◆ **WHAT YOU ARE ASKED TO DO**
Repeat all entries word for word; skip images.

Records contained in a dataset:
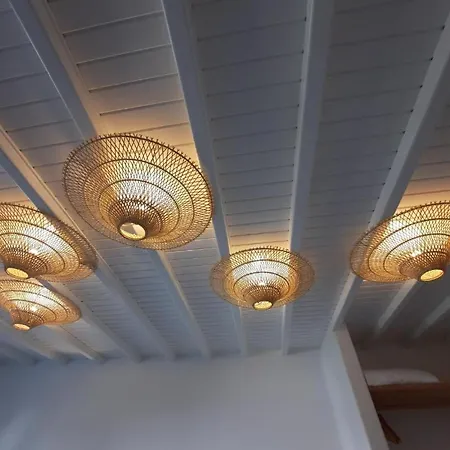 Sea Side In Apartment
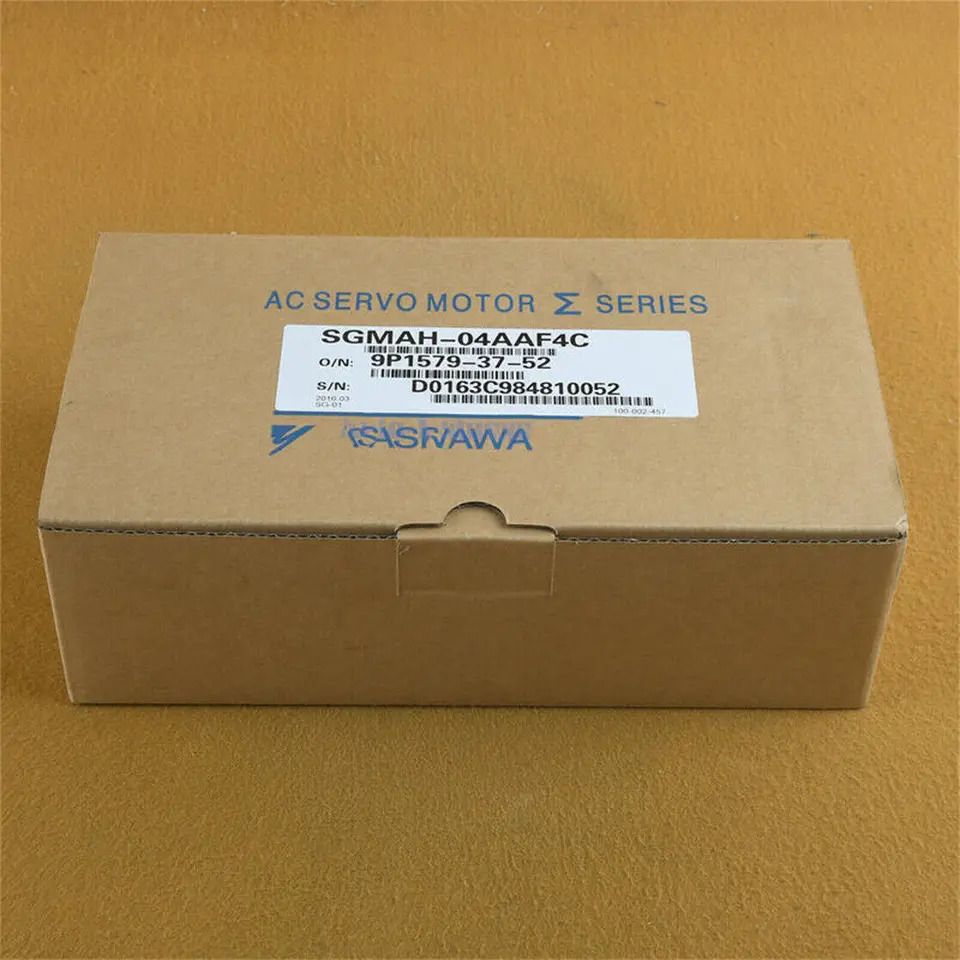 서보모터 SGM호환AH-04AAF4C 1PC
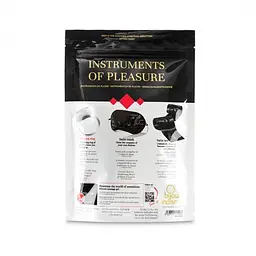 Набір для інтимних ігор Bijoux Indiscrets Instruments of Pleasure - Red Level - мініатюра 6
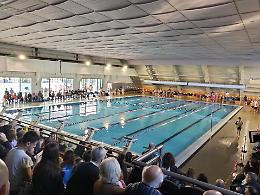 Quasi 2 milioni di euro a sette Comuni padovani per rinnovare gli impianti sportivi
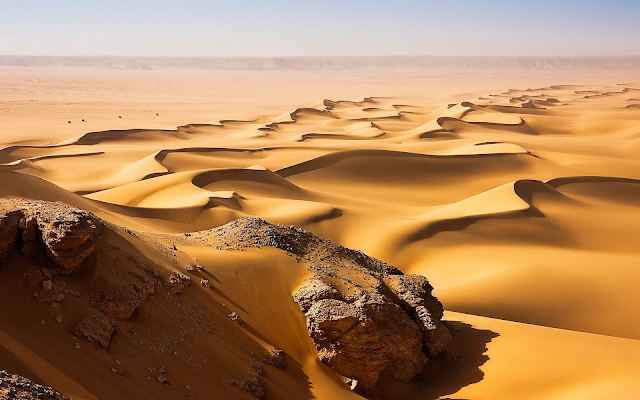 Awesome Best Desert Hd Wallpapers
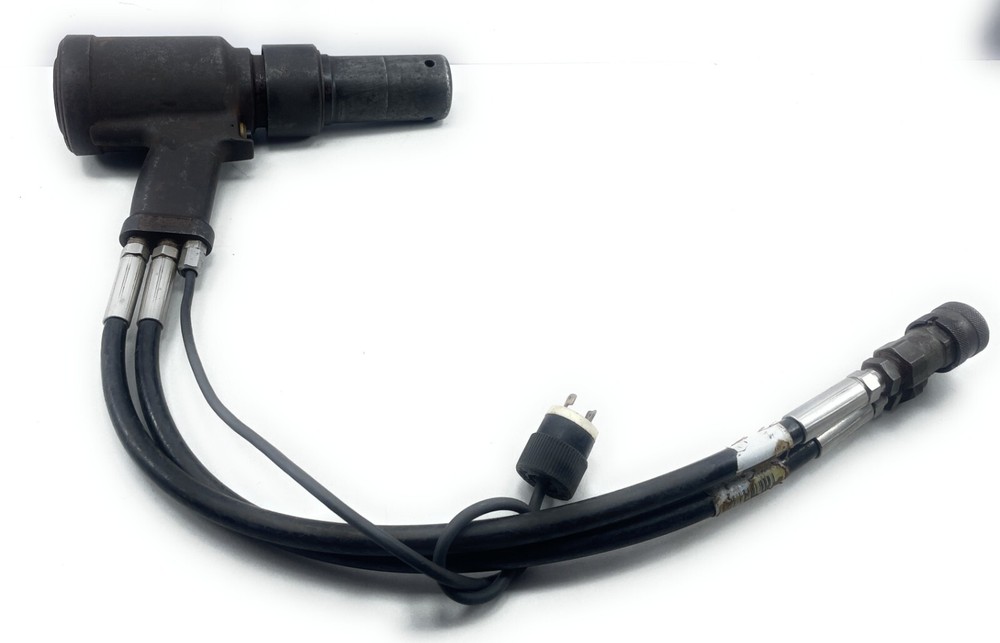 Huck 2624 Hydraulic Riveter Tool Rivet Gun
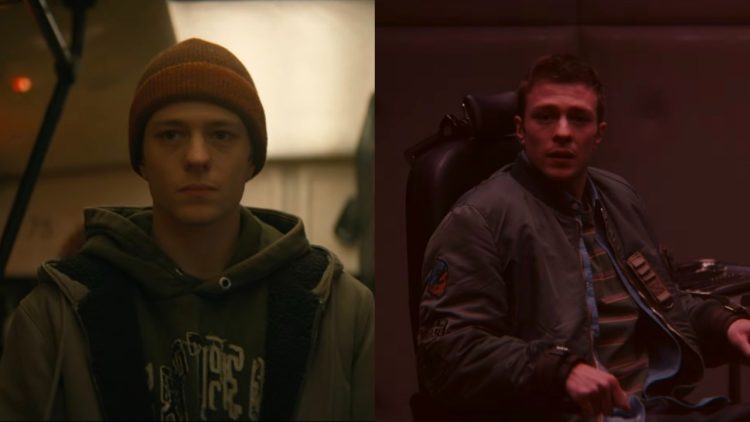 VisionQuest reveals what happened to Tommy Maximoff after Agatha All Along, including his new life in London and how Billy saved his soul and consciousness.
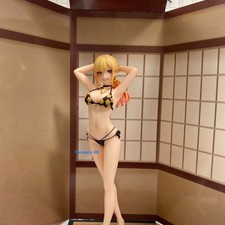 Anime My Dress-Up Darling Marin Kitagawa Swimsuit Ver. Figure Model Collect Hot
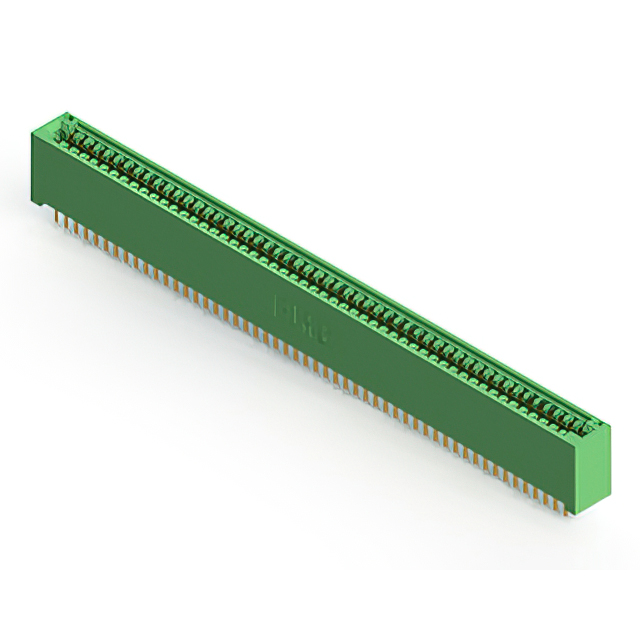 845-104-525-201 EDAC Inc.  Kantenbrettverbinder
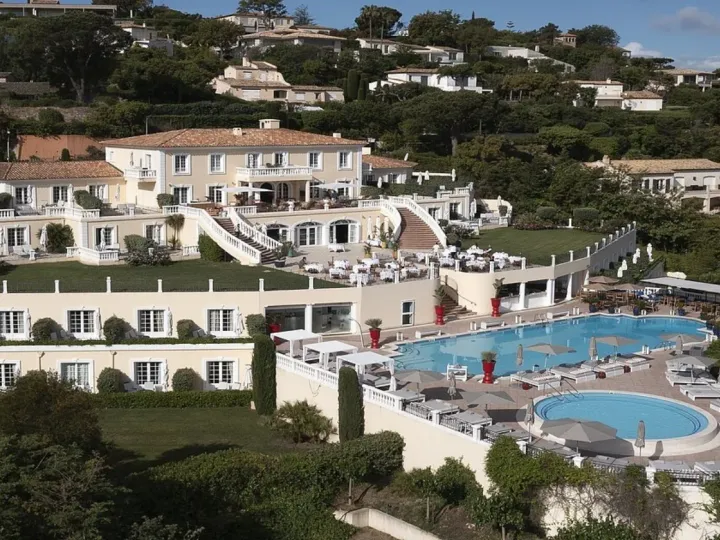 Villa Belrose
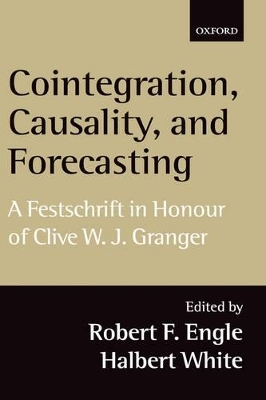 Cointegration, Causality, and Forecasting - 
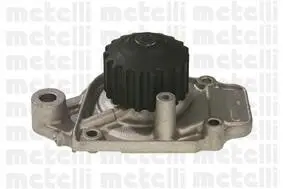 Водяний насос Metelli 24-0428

◆ **SOLUTION FOR THIS PROBLEM**
 Sea Side In Apartment
 서보모터 SGM호환AH-04AAF4C 1PC
 Набір для інтимних ігор Bijoux Indiscrets Instruments of Pleasure - Red Level - мініатюра 6
 Quasi 2 milioni di euro a sette Comuni padovani per rinnovare gli impianti sportivi
 Awesome Best Desert Hd Wallpapers
 Huck 2624 Hydraulic Riveter Tool Rivet Gun
 VisionQuest reveals what happened to Tommy Maximoff after Agatha All Along, including his new life in London and how Billy saved his soul and consciousness.
 Anime My Dress-Up Darling Marin Kitagawa Swimsuit Ver. Figure Model Collect Hot
 845-104-525-201 EDAC Inc.  Kantenbrettverbinder
 Villa Belrose
 Cointegration, Causality, and Forecasting - 
 Водяний насос Metelli 24-0428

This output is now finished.